The public choice approach to monetary policy

It remains neglected, even today.  Yet Martin Fackler is on the case when it comes to Japan (or try this link):

By speeding the flood of less expensive imported products into Japan, the strong yen is contributing to a broader drop in the prices of goods and services, known as deflation, that has helped retirees stretch their pensions and savings. The resulting inaction on the yen, according to a growing number of economists and politicians, reflects a new political reality, with already indecisive leaders loath to upset retirees from the postwar baby boom who make up nearly a third of the population and tend to vote in high numbers.

‘‘Japan’s tolerance of the strong yen and deflation is rooted in a clash of generations,’’ said Yutaka Harada, a professor of political science and economics at Waseda University in Tokyo. ‘‘And for now, the seniors are winning.’’
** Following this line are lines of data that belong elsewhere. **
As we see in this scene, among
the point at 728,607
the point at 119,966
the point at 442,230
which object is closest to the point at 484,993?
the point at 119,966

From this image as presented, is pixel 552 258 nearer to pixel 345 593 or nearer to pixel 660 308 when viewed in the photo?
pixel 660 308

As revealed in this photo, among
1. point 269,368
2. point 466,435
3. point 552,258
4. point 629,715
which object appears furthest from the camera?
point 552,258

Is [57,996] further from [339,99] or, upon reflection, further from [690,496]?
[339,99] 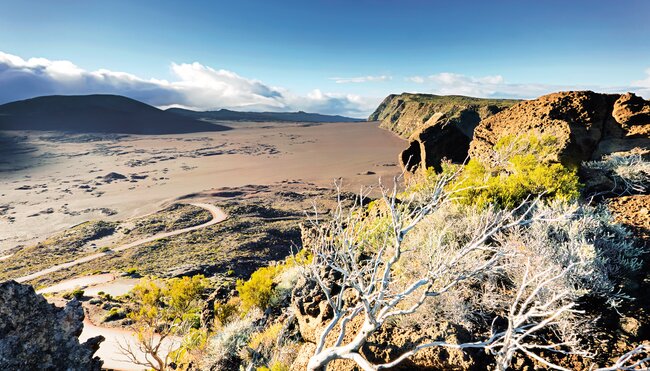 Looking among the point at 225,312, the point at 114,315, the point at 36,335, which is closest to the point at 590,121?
the point at 225,312

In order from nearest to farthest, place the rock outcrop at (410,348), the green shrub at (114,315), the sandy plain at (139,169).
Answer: the rock outcrop at (410,348)
the green shrub at (114,315)
the sandy plain at (139,169)

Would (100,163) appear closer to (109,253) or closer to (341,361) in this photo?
(109,253)

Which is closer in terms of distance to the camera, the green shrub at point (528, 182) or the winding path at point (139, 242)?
the green shrub at point (528, 182)

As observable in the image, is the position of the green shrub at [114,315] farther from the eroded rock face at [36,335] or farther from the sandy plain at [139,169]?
the sandy plain at [139,169]

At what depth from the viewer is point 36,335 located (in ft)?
18.7

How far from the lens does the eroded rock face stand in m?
5.39

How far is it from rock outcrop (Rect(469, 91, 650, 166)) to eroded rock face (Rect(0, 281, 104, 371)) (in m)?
11.4

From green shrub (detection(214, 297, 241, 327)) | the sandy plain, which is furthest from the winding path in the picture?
green shrub (detection(214, 297, 241, 327))

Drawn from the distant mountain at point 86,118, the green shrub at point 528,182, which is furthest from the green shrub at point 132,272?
the distant mountain at point 86,118

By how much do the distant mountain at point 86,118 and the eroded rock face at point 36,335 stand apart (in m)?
169

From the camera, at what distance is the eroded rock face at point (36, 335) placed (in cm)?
539

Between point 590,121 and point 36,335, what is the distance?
14.5m

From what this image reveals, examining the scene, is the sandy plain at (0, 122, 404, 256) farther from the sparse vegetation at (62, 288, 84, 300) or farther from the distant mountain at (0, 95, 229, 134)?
the sparse vegetation at (62, 288, 84, 300)

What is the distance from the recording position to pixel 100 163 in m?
88.1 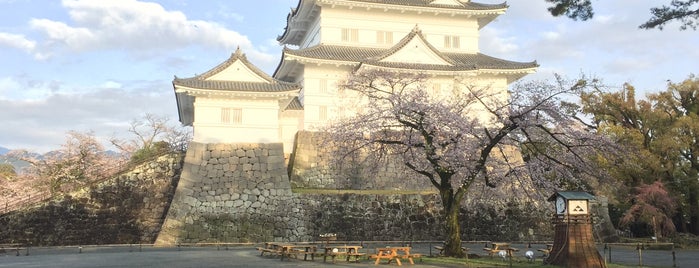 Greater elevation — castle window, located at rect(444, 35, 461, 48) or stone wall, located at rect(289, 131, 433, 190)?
castle window, located at rect(444, 35, 461, 48)

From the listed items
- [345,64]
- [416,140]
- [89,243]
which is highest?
[345,64]

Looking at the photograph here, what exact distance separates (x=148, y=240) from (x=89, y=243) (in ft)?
7.17

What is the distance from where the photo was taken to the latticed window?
22.5m

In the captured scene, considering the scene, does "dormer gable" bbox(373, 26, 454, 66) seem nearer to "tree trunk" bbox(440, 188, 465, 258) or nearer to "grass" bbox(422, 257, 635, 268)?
"tree trunk" bbox(440, 188, 465, 258)

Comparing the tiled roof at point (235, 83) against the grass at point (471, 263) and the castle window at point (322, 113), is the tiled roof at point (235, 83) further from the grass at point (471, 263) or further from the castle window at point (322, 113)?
the grass at point (471, 263)

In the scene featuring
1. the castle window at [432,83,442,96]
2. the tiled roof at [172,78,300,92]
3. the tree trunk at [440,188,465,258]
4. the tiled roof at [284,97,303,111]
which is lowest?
the tree trunk at [440,188,465,258]

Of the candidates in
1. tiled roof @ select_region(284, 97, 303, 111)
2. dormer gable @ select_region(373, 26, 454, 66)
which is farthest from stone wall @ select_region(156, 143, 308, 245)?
dormer gable @ select_region(373, 26, 454, 66)

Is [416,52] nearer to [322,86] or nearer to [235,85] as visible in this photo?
[322,86]

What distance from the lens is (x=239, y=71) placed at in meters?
23.1

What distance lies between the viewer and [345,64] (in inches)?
1005

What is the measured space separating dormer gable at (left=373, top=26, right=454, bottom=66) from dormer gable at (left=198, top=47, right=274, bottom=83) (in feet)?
21.7

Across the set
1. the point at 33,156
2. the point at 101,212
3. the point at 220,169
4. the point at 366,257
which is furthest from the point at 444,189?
the point at 33,156

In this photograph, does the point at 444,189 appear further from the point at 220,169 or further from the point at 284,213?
the point at 220,169

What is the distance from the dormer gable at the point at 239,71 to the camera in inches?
901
The problem, many economists warn, is that the victory comes at a high price, mortgaging the future by hastening the hollowing out of the economy as companies move abroad, and contributing to the deflation that has already exacerbated a nearly two-decade decline in Japan. It may also, ultimately, be self-defeating, threatening the very industries that created the huge trade surpluses sustaining Japan’s still comfortable living standards.

How many major political battles do the elderly actually lose?  I get a little worried about the conflation between nominal and real, and the blurring of short- vs. long-run time horizons, but still this is a point worth making:

‘‘The strong yen robs from youth, but there is not much awareness here yet of generational inequalities,’’ said another lawmaker, Keiichiro Asao, with the opposition Your Party.